Since Ika Ramen and Izakaya is a Japanese-style kitchen, everything is cooked at the same time, unlike other places in which appetizers are prepared first, Farris said. That’s why some items are referred to as small plates. He said the chicken skins rate among customers’ favorite small plate offerings, while other tasty small plates include chicken skewers and fried brussel sprouts.

“I’ve been told we have the best calamari in town,” he added.

Bowls are among the entree options, and include poke, featuring fish with vegetables or rice. Lisa chose the Poke Ceviche, which consists of salmon, cucumbers, red and green onions, avocado, cilantro, Thai chili, a citrus marinade, seaweed, and that magic sauce.

The ramen, of course, is the main star at Ika. My usual go-to is Tonkotsu, with a pork broth, shar siu (barbecue pork), ajitama (soft-boiled egg), negi (green onion), pickled ginger, and mushroom.

However, the spicy miso intrigued me, with chili oil and spicy bok choy. Swimming in chicken broth, the dish includes gochugan sausage (flavored with chili paste), onsen tamago (soft-cooked egg), and noodles. It’s definitely a spicy dish, which I loved. Fair warning though, I did find myself taking more than a few drinks of my soda during dinner. 

Those who don’t care for spicy ramen dishes can choose from several mild options, such as Mary Jane (featuring barbecue chicken in chicken broth).

A third entree option on the menu is donburi, a rice bowl with meat or fish, as well as vegetables and rice.

While we didn’t order an alcoholic beverage during our visit, Ika’s bar menu offers a nice selection, from sake to rice beer, as well as plenty of mixed drinks. A favorite option is Makgeolli, a rice wine that is gaining popularity across the United States, Farris said.

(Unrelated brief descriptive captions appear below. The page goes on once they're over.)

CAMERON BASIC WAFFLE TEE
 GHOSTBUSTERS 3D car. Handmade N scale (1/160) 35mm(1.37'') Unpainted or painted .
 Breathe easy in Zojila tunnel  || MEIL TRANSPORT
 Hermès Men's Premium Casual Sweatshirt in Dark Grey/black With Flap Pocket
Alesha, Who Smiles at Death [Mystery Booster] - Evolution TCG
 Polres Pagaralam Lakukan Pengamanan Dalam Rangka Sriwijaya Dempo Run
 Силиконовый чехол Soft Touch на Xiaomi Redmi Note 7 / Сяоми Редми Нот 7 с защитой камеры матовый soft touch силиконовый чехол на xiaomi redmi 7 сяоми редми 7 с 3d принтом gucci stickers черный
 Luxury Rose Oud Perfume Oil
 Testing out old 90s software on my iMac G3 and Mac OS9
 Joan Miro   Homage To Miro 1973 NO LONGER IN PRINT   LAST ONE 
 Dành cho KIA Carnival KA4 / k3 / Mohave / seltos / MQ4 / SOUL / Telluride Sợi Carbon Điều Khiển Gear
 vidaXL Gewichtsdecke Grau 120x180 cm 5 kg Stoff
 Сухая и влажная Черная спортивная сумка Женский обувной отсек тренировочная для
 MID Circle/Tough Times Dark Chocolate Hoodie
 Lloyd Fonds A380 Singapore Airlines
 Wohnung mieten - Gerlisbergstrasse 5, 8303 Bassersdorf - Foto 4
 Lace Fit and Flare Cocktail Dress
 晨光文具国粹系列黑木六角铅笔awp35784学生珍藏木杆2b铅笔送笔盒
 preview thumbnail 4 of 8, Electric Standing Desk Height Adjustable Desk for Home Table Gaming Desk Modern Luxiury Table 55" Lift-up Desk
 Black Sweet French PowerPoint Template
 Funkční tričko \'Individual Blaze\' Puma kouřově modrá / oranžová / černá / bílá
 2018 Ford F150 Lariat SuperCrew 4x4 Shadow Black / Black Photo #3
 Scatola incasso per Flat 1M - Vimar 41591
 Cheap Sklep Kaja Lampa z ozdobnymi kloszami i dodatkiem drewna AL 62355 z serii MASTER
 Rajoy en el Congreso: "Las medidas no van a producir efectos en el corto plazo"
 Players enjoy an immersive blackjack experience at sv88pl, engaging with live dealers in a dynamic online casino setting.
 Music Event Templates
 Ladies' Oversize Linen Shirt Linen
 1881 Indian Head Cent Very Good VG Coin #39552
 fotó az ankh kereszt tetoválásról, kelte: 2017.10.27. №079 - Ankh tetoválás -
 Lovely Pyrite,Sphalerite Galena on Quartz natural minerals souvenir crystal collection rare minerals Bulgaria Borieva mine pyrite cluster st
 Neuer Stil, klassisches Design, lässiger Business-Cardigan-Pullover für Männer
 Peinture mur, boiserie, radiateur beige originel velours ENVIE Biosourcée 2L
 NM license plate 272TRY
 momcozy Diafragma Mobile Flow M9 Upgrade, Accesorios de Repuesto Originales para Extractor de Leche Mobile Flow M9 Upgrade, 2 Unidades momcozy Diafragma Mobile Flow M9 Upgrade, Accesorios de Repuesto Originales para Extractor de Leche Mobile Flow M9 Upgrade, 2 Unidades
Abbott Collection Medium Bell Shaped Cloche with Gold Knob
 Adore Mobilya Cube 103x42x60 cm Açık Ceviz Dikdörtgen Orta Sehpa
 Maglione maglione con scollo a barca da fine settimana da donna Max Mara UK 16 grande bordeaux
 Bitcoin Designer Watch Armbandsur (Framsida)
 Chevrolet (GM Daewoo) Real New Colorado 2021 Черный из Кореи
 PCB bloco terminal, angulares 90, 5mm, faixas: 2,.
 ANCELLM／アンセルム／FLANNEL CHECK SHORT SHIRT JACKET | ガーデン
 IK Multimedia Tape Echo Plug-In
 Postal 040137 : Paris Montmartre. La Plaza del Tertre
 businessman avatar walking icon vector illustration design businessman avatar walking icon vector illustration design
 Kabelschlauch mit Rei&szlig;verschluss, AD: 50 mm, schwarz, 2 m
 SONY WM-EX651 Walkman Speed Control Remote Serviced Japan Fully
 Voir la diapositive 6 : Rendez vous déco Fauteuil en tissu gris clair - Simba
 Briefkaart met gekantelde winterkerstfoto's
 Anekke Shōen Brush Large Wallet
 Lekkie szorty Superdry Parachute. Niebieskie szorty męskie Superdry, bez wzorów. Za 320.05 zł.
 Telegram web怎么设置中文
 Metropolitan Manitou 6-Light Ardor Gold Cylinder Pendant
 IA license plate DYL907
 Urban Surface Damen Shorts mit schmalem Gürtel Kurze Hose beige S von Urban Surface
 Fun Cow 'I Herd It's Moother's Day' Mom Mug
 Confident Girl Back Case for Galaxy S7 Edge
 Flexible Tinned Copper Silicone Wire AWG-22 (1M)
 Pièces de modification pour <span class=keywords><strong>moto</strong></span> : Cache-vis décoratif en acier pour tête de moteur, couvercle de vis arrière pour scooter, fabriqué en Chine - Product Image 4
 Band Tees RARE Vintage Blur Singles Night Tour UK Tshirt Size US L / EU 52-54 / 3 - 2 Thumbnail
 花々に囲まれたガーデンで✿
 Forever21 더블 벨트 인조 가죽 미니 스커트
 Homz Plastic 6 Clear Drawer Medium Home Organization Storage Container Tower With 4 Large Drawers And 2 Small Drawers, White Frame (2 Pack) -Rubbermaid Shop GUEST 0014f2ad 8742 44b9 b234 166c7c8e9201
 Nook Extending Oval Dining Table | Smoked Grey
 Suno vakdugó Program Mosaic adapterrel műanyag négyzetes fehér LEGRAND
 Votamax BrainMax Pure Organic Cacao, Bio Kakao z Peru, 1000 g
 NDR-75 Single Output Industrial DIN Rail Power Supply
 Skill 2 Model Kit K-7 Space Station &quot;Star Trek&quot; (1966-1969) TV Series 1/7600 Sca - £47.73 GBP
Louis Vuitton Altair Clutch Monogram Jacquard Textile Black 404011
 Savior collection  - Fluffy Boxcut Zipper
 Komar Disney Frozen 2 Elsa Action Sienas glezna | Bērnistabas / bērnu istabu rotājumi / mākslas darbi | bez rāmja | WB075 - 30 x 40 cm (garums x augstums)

With an intimate seating capacity of 36 people, Ika Ramen and Izakaya fills up quickly. On Friday and Saturday, the wait can last up to three hours, Farris said. Kaitei—Ika’s speakeasy—is located in the basement, and is an excellent spot for people to wait for a table, he said. Guests can enjoy a drink and visit with their party. The staff will come and lead them to their table, Farris said.

“The bartenders are great at creating fun drinks,” Farris said.

Since opening in 2017, the company has added Ika San Downtown in the Old Market. Lucky Tiger Izakaya opened in the Blackstone District in 2020, and the newest location, Ika San Shadow Lake in Papillion, opened in April.

While ramen is the main attraction, menus vary at each location. The Papillion location includes a large selection of sushi, and Lucky Tiger Izakaya also features sushi with the ramen and small plates.

Distinctive art at each spot helps distinguish them from each other. 

While all have murals on the walls, each features a different design unique to that eatery and created by Alex Roskelley, who did the murals at Beercade and Jake’s Cigars. Each piece adds to the individuality of that location, and, if you’re art enthusiasts like we are, they entice you to visit each restaurant.